Short descriptive text snippets
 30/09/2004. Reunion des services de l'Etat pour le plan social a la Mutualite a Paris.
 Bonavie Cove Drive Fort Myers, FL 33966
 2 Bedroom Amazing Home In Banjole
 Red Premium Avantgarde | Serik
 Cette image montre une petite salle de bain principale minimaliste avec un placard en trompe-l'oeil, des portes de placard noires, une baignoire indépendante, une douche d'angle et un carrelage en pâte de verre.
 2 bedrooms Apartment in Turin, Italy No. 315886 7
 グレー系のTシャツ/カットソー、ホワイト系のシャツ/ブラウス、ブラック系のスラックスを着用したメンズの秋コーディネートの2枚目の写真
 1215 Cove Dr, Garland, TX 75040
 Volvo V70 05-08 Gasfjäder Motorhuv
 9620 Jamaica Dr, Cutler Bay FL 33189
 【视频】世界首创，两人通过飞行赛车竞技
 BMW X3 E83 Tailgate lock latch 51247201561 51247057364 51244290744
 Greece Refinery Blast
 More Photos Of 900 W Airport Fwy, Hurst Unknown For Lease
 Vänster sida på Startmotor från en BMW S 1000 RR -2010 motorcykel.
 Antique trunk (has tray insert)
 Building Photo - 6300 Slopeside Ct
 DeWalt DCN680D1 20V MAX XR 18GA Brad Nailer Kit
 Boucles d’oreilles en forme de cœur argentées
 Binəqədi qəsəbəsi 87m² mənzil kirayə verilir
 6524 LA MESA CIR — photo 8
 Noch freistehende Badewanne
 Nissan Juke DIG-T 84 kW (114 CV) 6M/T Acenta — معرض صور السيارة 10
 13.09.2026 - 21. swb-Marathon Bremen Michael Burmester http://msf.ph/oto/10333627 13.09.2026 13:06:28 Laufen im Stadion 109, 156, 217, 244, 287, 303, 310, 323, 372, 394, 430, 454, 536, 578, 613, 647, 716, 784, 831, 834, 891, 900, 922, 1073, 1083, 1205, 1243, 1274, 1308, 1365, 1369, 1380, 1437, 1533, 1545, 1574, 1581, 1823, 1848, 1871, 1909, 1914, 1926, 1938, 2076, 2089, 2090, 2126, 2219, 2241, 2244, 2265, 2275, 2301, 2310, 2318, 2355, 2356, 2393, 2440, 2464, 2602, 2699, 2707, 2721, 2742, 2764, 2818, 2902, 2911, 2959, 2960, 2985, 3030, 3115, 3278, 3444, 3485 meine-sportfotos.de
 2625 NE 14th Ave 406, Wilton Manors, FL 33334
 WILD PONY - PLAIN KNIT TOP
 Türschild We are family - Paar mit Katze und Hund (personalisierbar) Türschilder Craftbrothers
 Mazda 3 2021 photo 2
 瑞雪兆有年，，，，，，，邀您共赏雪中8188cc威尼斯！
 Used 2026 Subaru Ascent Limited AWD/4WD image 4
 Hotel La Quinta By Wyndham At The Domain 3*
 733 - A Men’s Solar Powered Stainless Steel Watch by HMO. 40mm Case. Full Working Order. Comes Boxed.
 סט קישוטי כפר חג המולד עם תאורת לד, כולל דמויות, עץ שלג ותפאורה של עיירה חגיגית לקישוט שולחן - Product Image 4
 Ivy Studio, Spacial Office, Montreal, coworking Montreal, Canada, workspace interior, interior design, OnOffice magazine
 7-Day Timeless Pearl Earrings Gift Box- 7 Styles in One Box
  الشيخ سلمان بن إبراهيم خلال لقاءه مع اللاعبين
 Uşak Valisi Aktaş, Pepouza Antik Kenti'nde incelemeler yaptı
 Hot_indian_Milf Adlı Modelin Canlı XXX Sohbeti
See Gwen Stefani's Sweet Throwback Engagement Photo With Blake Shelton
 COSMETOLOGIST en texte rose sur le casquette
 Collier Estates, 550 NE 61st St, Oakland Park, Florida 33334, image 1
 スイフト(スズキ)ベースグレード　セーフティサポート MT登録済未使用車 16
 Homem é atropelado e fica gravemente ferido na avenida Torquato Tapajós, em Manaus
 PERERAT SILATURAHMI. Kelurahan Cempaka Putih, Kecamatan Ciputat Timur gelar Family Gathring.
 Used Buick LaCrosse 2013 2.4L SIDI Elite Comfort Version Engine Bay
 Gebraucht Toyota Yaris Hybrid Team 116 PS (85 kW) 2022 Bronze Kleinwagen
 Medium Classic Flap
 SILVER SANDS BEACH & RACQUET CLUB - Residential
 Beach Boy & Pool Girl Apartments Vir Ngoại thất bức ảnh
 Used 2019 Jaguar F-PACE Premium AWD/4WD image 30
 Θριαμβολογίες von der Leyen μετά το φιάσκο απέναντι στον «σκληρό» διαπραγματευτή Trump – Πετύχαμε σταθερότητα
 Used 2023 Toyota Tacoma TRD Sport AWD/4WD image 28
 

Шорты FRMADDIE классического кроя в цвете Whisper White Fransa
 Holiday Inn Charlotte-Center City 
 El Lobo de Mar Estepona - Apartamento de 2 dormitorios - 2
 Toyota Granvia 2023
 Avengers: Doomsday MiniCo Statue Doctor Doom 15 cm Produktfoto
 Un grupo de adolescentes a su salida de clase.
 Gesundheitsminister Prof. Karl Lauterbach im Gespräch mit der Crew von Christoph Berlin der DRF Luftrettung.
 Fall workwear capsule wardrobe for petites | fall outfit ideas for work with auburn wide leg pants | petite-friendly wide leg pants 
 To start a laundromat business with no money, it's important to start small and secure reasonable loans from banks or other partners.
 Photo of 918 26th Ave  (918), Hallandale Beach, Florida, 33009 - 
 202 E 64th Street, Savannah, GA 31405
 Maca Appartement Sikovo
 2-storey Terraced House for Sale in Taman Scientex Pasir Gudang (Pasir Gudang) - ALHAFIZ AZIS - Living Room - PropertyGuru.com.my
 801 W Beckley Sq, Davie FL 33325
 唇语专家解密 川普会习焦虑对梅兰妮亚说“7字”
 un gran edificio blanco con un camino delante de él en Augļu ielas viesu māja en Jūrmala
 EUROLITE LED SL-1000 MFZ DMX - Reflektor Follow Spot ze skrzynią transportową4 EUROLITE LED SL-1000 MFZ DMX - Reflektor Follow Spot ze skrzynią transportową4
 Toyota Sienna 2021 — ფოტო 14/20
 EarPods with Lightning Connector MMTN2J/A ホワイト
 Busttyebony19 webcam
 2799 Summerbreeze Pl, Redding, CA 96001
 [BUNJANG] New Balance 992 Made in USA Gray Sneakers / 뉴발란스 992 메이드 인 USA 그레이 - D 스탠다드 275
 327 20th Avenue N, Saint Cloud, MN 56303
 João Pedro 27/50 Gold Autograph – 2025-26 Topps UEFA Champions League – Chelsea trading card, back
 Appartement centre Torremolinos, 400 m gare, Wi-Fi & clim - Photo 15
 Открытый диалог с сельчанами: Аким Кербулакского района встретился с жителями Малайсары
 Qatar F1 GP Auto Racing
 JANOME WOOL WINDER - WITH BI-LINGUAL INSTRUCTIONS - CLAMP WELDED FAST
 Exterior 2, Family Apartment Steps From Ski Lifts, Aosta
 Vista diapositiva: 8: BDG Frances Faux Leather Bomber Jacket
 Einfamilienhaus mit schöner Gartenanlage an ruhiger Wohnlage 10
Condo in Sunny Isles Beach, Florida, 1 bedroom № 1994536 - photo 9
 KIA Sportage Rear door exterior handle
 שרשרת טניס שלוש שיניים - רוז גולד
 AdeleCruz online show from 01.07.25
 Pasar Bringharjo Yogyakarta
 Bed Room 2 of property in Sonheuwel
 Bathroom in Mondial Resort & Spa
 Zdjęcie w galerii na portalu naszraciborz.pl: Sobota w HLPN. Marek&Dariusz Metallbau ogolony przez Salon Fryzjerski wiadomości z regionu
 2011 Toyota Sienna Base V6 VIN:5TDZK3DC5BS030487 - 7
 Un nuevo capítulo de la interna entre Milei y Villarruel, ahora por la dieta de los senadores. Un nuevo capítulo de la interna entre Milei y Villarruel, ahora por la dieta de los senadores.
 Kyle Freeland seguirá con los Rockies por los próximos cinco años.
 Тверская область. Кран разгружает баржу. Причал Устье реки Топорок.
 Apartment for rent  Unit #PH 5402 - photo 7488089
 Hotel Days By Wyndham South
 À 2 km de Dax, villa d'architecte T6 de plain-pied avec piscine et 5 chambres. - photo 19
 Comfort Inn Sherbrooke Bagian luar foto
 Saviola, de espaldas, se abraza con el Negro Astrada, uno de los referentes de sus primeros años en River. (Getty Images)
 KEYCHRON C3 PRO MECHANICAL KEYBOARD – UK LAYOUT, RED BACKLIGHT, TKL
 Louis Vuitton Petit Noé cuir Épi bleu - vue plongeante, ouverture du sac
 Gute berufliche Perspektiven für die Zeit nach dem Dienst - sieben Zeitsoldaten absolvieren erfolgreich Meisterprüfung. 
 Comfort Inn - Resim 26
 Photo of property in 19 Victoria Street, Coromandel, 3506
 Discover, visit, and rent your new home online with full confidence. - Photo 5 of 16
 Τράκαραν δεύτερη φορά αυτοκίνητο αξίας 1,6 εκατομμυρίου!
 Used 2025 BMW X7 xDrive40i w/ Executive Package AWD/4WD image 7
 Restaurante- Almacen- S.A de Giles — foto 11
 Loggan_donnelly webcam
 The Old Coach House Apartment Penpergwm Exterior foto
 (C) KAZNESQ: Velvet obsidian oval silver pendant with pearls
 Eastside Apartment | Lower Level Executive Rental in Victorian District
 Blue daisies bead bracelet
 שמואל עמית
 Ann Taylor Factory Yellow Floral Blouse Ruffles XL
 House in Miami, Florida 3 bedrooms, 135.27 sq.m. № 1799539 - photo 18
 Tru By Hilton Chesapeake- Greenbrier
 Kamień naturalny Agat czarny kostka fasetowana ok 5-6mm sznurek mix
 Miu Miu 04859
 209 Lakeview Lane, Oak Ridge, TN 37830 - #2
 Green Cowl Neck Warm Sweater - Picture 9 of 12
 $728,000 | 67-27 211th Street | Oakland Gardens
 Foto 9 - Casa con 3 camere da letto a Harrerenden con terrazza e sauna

■ What the task asks: Starting with the line with "Шорты FRMADDIE классического" above and going on through the line with "שרשרת טניס שלוש שיניים - רוז גולד", transcribe every line exactly, both ends included, and add nothing.

■ Solution to the problem:
Шорты FRMADDIE классического кроя в цвете Whisper White Fransa
 Holiday Inn Charlotte-Center City 
 El Lobo de Mar Estepona - Apartamento de 2 dormitorios - 2
 Toyota Granvia 2023
 Avengers: Doomsday MiniCo Statue Doctor Doom 15 cm Produktfoto
 Un grupo de adolescentes a su salida de clase.
 Gesundheitsminister Prof. Karl Lauterbach im Gespräch mit der Crew von Christoph Berlin der DRF Luftrettung.
 Fall workwear capsule wardrobe for petites | fall outfit ideas for work with auburn wide leg pants | petite-friendly wide leg pants 
 To start a laundromat business with no money, it's important to start small and secure reasonable loans from banks or other partners.
 Photo of 918 26th Ave  (918), Hallandale Beach, Florida, 33009 - 
 202 E 64th Street, Savannah, GA 31405
 Maca Appartement Sikovo
 2-storey Terraced House for Sale in Taman Scientex Pasir Gudang (Pasir Gudang) - ALHAFIZ AZIS - Living Room - PropertyGuru.com.my
 801 W Beckley Sq, Davie FL 33325
 唇语专家解密 川普会习焦虑对梅兰妮亚说“7字”
 un gran edificio blanco con un camino delante de él en Augļu ielas viesu māja en Jūrmala
 EUROLITE LED SL-1000 MFZ DMX - Reflektor Follow Spot ze skrzynią transportową4 EUROLITE LED SL-1000 MFZ DMX - Reflektor Follow Spot ze skrzynią transportową4
 Toyota Sienna 2021 — ფოტო 14/20
 EarPods with Lightning Connector MMTN2J/A ホワイト
 Busttyebony19 webcam
 2799 Summerbreeze Pl, Redding, CA 96001
 [BUNJANG] New Balance 992 Made in USA Gray Sneakers / 뉴발란스 992 메이드 인 USA 그레이 - D 스탠다드 275
 327 20th Avenue N, Saint Cloud, MN 56303
 João Pedro 27/50 Gold Autograph – 2025-26 Topps UEFA Champions League – Chelsea trading card, back
 Appartement centre Torremolinos, 400 m gare, Wi-Fi & clim - Photo 15
 Открытый диалог с сельчанами: Аким Кербулакского района встретился с жителями Малайсары
 Qatar F1 GP Auto Racing
 JANOME WOOL WINDER - WITH BI-LINGUAL INSTRUCTIONS - CLAMP WELDED FAST
 Exterior 2, Family Apartment Steps From Ski Lifts, Aosta
 Vista diapositiva: 8: BDG Frances Faux Leather Bomber Jacket
 Einfamilienhaus mit schöner Gartenanlage an ruhiger Wohnlage 10
Condo in Sunny Isles Beach, Florida, 1 bedroom № 1994536 - photo 9
 KIA Sportage Rear door exterior handle
 שרשרת טניס שלוש שיניים - רוז גולד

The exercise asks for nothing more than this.